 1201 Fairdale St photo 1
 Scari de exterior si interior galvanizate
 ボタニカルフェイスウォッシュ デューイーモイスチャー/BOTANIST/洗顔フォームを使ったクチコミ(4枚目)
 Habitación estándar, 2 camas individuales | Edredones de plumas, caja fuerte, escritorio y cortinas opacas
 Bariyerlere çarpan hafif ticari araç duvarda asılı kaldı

---

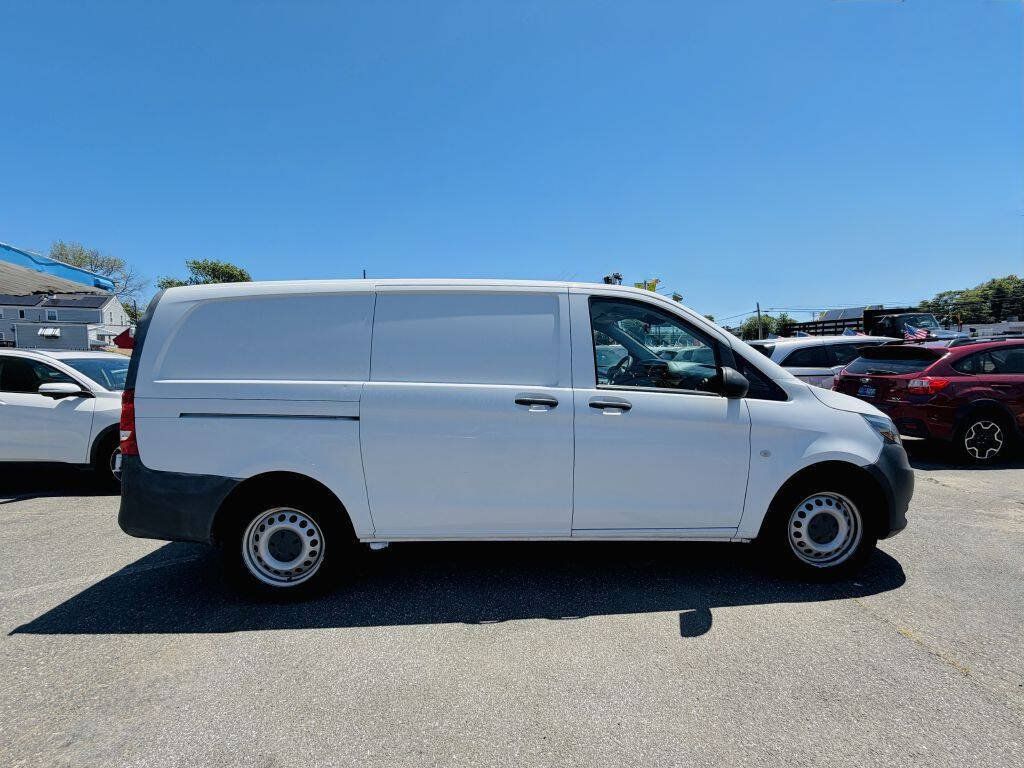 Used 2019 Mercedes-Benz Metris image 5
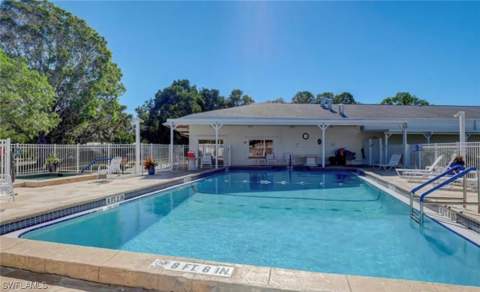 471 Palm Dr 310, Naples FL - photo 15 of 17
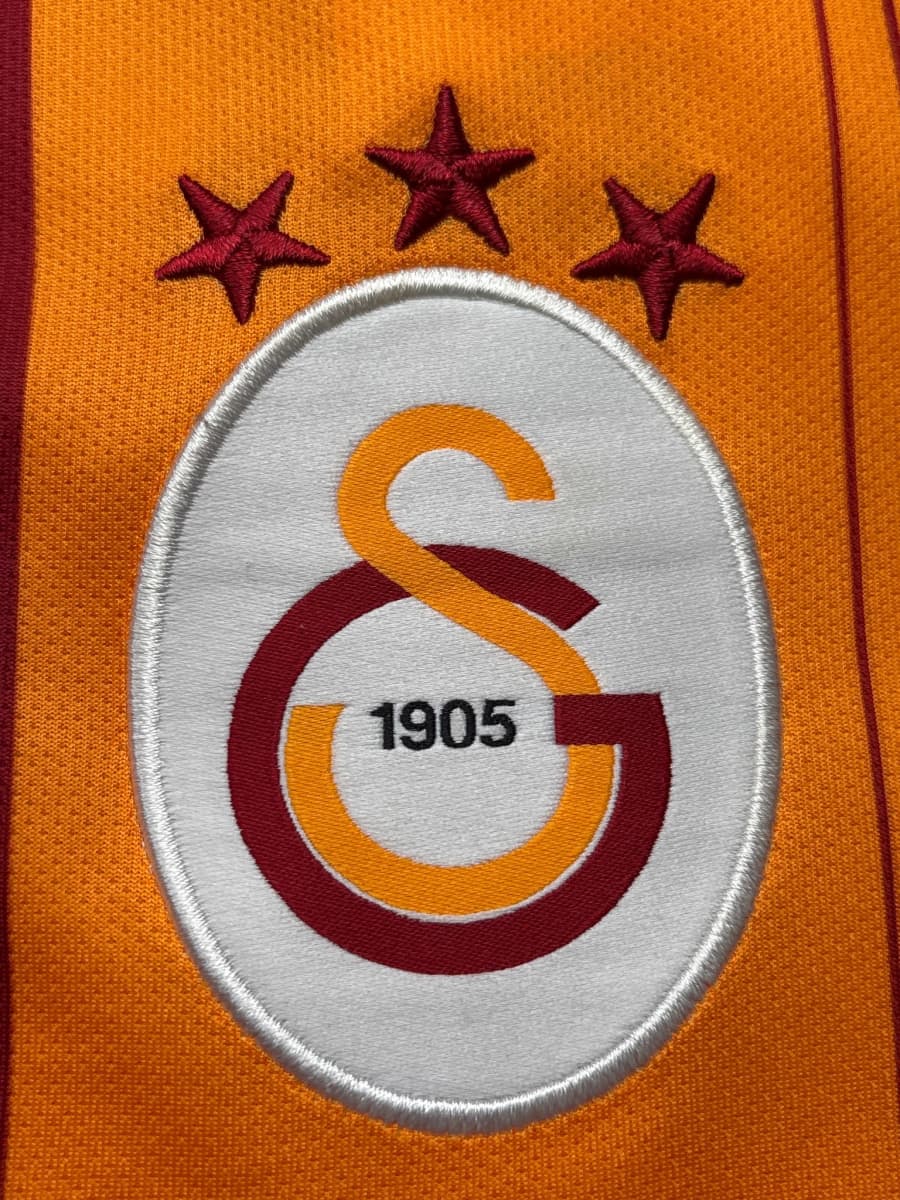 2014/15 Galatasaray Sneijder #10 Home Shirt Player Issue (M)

---

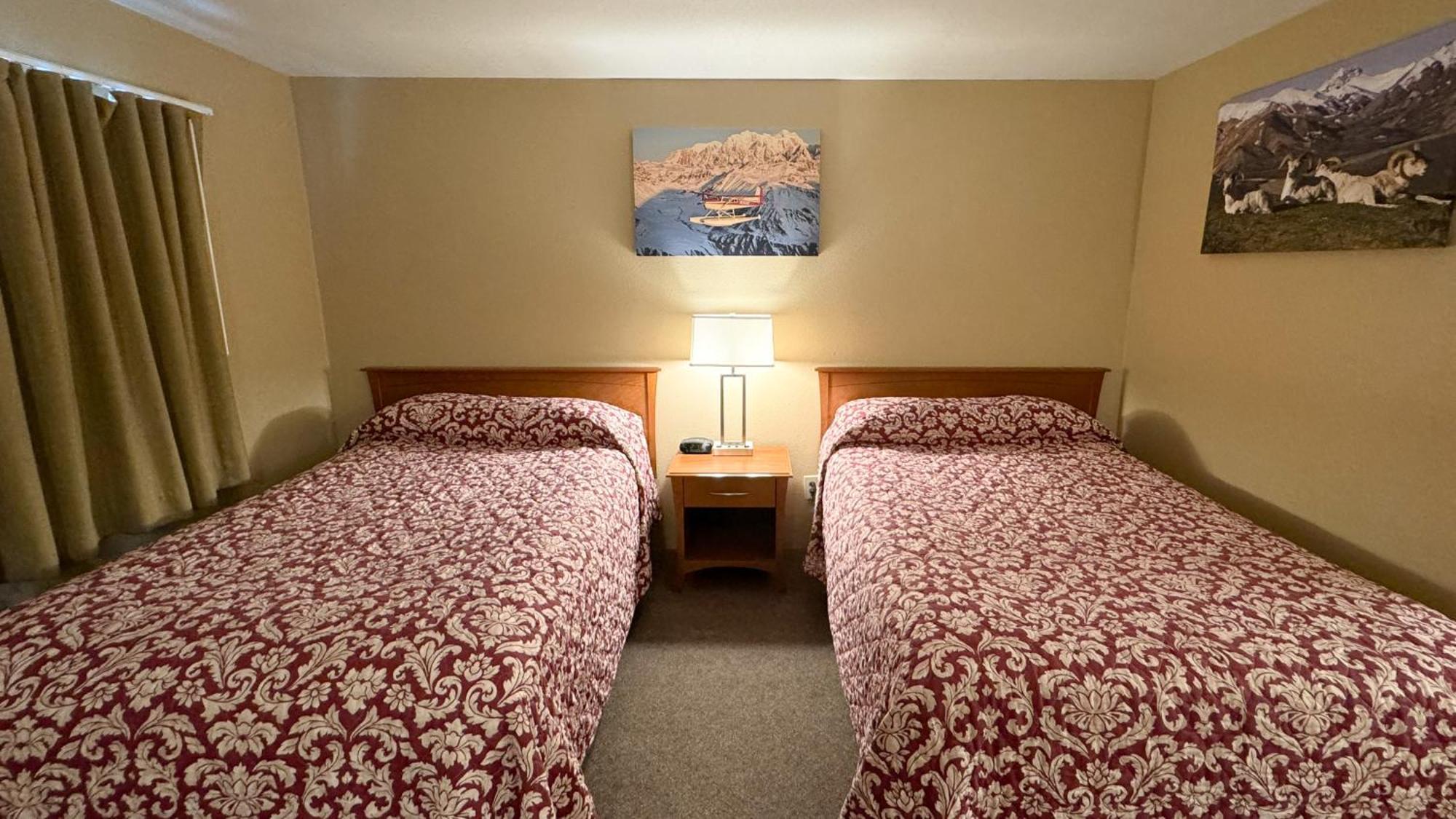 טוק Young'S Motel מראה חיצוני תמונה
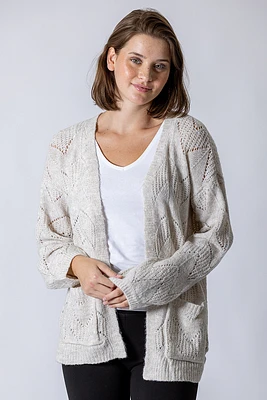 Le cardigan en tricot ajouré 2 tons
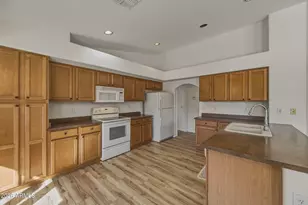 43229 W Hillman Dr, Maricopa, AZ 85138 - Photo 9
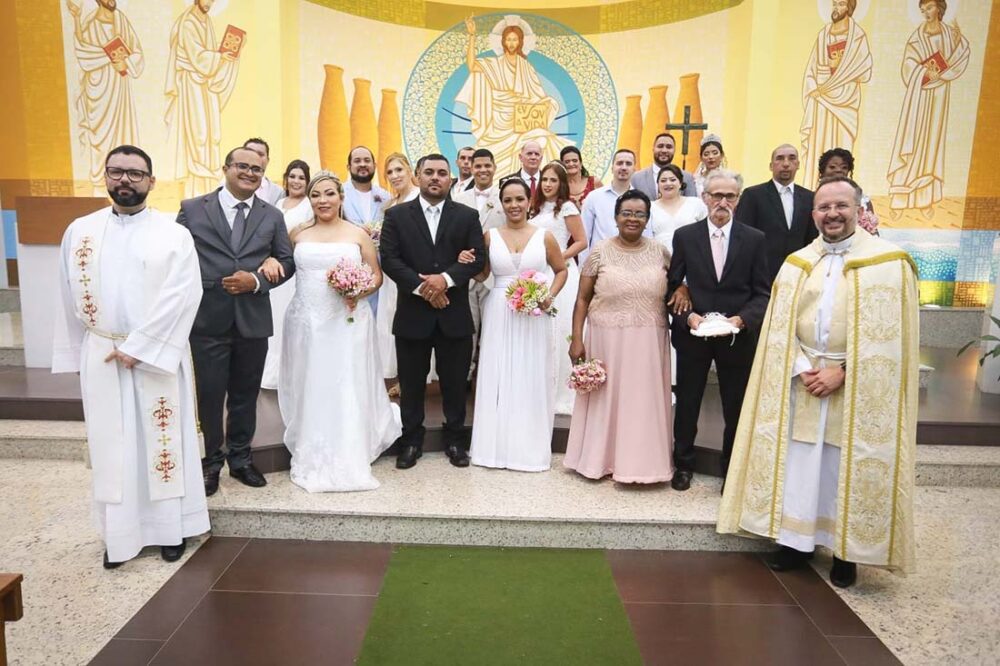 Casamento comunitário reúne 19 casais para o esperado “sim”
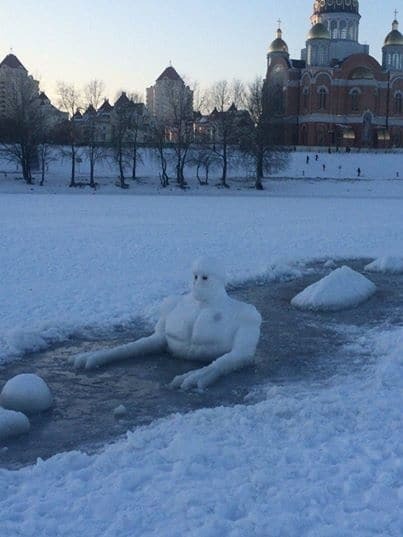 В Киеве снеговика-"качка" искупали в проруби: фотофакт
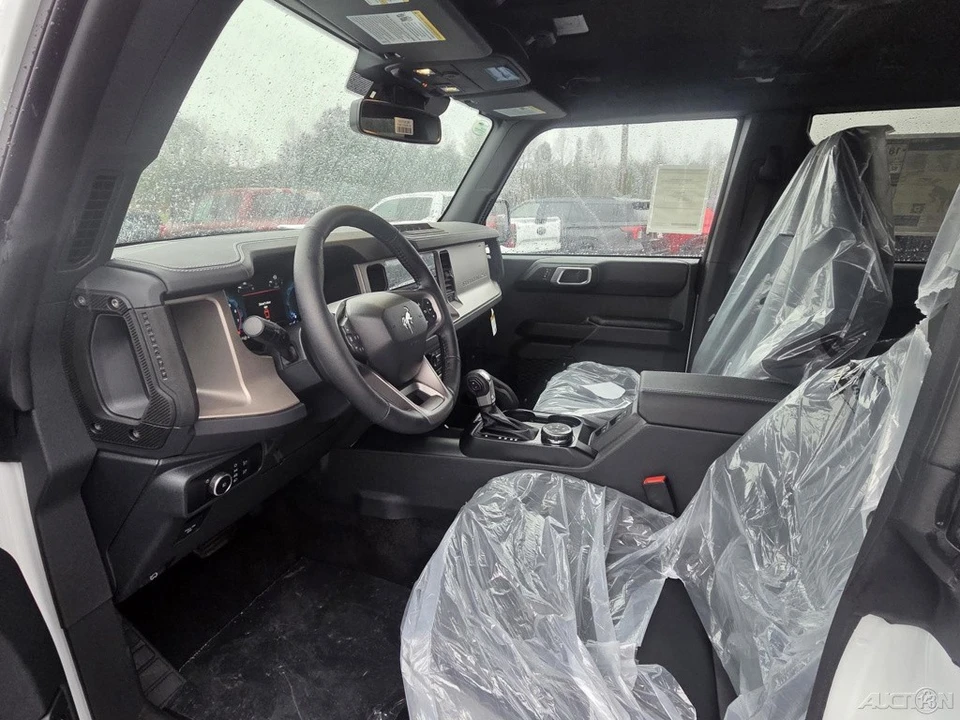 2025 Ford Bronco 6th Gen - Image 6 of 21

§ What needs to be done:
Look above for the line with "1201 Fairdale St photo 1" and the line with "Bariyerlere çarpan hafif"; transcribe both and all lines in between, exactly, and nothing else.

§ Task output:
 1201 Fairdale St photo 1
 Scari de exterior si interior galvanizate
 ボタニカルフェイスウォッシュ デューイーモイスチャー/BOTANIST/洗顔フォームを使ったクチコミ(4枚目)
 Habitación estándar, 2 camas individuales | Edredones de plumas, caja fuerte, escritorio y cortinas opacas
 Bariyerlere çarpan hafif ticari araç duvarda asılı kaldı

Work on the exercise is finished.